Homelessness soared to the highest level on record this year, driven by forces that included a surge in migrants seeking asylum, a national housing crisis and the end of pandemic-era measures to protect the needy, the federal government reported on Friday.
The number of people experiencing homelessness topped 770,000, an increase of more than 18 percent over last year and the largest annual increase since the count began in 2007. Nearly every category of unhoused people grew, with the rise especially steep among children and people in families.
The report, released by the Department of Housing and Urban Development, showed that homelessness had risen by a third in the past two years, after years of only modest fluctuations. The agency blamed factors such as “our worsening national affordable-housing crisis,” inflation and the end of certain aid programs from the pandemic.
But federal officials on a call with reporters placed special emphasis on the rise in asylum-seeking migrants who overwhelmed the shelter systems where much of the increase occurred.
The government does not track the migration status of the homeless, so it is hard to precisely disentangle the twin crises of domestic poverty and foreigners fleeing troubled lands — distinct challenges with different solutions.
It is possible that much or even most of the rise came from the increase in foreign asylum seekers that started in 2022 but has begun to abate since the homeless count occurred at the start of this year.

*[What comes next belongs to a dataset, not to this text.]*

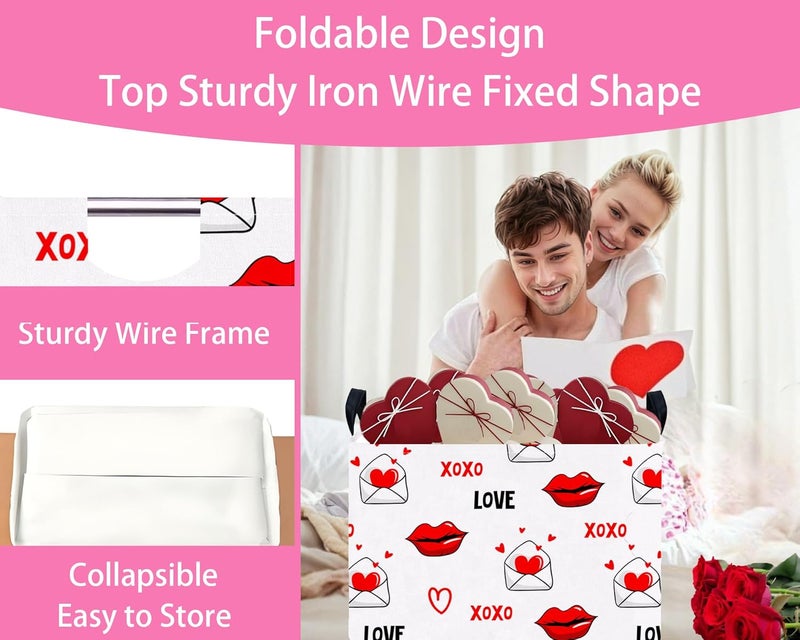 BOOHIT Valentines Day Basket Large Foldable Heart Shaped Storage Box for Gifts Kids Empty Storage Bins Rectangular Toy Organizer Decor (Mouth Envelope Love) - Image 5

Still, the record numbers are likely to widen the growing partisan divide over domestic homelessness. Democrats often blame soaring housing costs, flagging government rental subsidies and extremes in economic inequality, and they tend to support an expanded safety net.
Many Republicans blame liberal permissiveness and want to require unhoused people to seek aid for mental illness or substance abuse as a condition of receiving aid. President-elect Donald J. Trump has called for clearing cities of encampments and placing unhoused people into camps.
Veterans were the lone group among whom homelessness declined last year, the report found. That continues a long-term trend driven by bipartisan support for services and housing that is at odds with the rancor of the broader homelessness debate. The number of homeless veterans fell by 8 percent last year and is down more than half since 2009.